If you want to keep Souith Beach and buy another 3400 or 5000 points. You will be paying 2 maint fee's, but the cost will be much less. 
You can get 3400 for $4K or 5000 for $7K or so. 

I would email sethnock@hotmail.com to get some resale pricing and options. 

Good luck


----------



## vacationtime1 (Nov 2, 2006)

*Can HGVC accounts be combined?*

CaliDave raises an intriguing question -- can a member combine points from separate ownership interests?  Travel Girl owns 3400 points; if she bought 5000 additional points, could she then reserve a 8400 point T/S?

She would pay more MF's than if she had a single owndership interest, but she would save an enormous amount of acquisition cost.


----------



## CaliDave (Nov 2, 2006)

You can do this if you buy Hilton developed properties. (not affiliates)

My account has 3 ownerships. I pay one membership fee and 3 maint fees. 

You need to make sure they are both deeded "exactly" the same way with the same names


----------



## travel girl 2 (Nov 2, 2006)

That is really good infromation! I hadn't gotten to the nitty gritty of how to combine the points. But it is nice to know I could pick up a less expensive resale of 3400 points and then combine the points in my account as long as the names are correct.

I now need to do the math on paying another $600 a year versus paying a larger outlay of cash up front to have one smaller annual fee...OH the headaches!   Math was never my strong subject - I will make a spreadsheet to make it easier on myself!


----------



## lakers (Nov 2, 2006)

*Combining Points*



			
				CaliDave said:
			
		

> You can do this if you buy Hilton developed properties. (not affiliates)
> 
> My account has 3 ownerships. I pay one membership fee and 3 maint fees.
> 
> You need to make sure they are both deeded "exactly" the same way with the same names



I own @ Tuscany and at the Bay Club (affiliate).  I cannot combine the points myself online, but they can be combined if I call into HGVC to make the reservation.


----------



## CaliDave (Nov 2, 2006)

lakers said:
			
		

> I own @ Tuscany and at the Bay Club (affiliate).  I cannot combine the points myself online, but they can be combined if I call into HGVC to make the reservation.

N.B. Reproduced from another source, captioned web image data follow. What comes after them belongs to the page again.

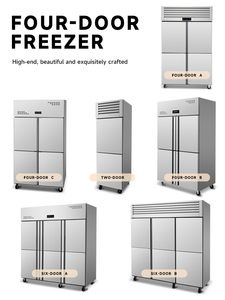 Commercial Fridge Large Capacity Stainless Steel Upright Refrigerator Intelligent Temperature Control Vertical <b>Freezer</b> 6 Door Co - Product Image 4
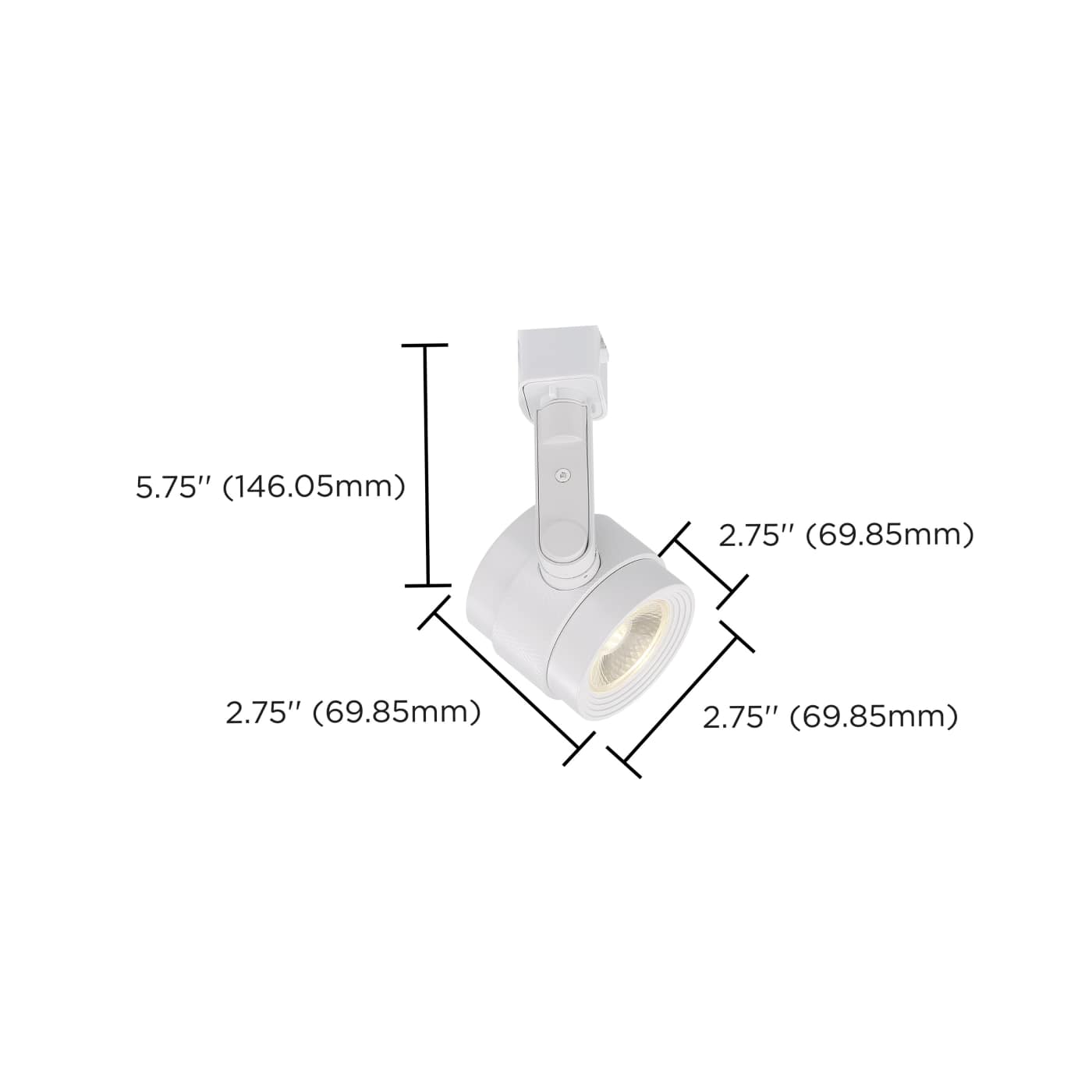 12W LED PISTON TRACK HEAD - TH497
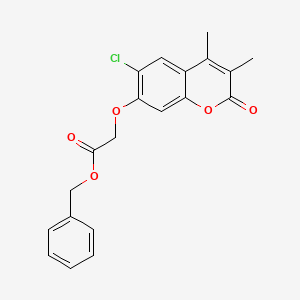 molecular formula C20H17ClO5 B4770402 benzyl 2-[(6-chloro-3,4-dimethyl-2-oxo-2H-chromen-7-yl)oxy]acetate 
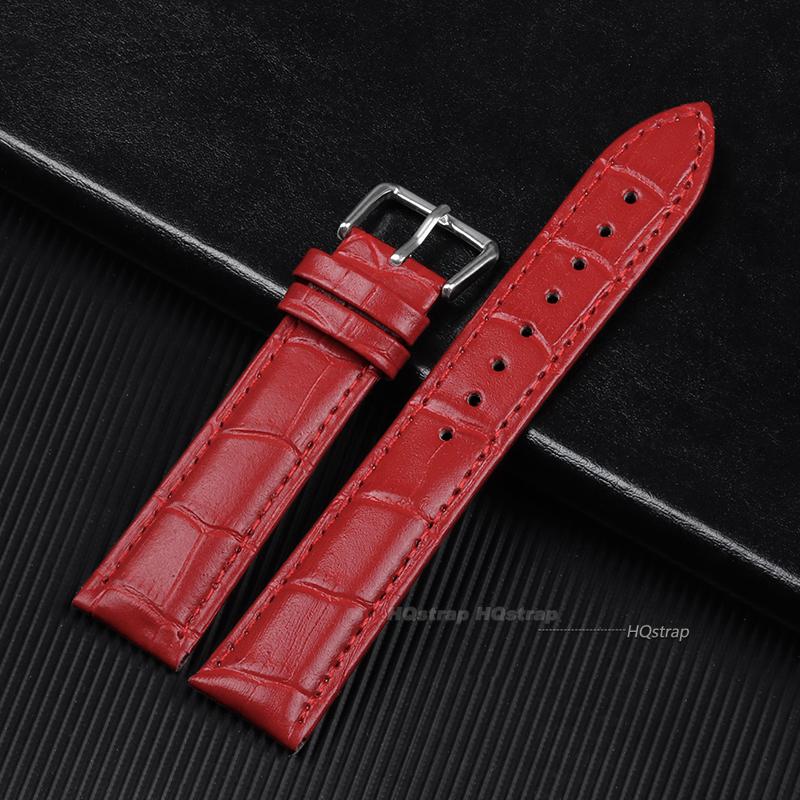 Cinturino per Orologio in Pelle di Vacchetta 10 12 14 16 19 21 18mm 20mm 22mm 24mm Fibbia ad Ardiglione per Orologio Cinturino Morbido per Orologio da Polso Braccialetto con Strumento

You're right, they can be combined via phone to make a reservation, but don't you still pay 2 membership fees?


----------



## dvc_john (Nov 2, 2006)

I guess I must not be following this thread correctly.

I own 3 affiliates and 2 Hilton developed properties. I pay 5 MF's, and 1 club fee. I make all my reservations online using whatever points are available, whether from the affiliates or the Hilton properties. The online reservation system doesn't seem to care where the points came from, and the balances shown don't distinguish what points are from what resort, although internally I imagine it does keep track. I'm sure I've made reservations at resorts I don't own using points from more than 1 other resort.


----------



## Steve (Nov 2, 2006)

CaliDave said:
			
		

> You're right, they can be combined via phone to make a reservation, but don't you still pay 2 membership fees?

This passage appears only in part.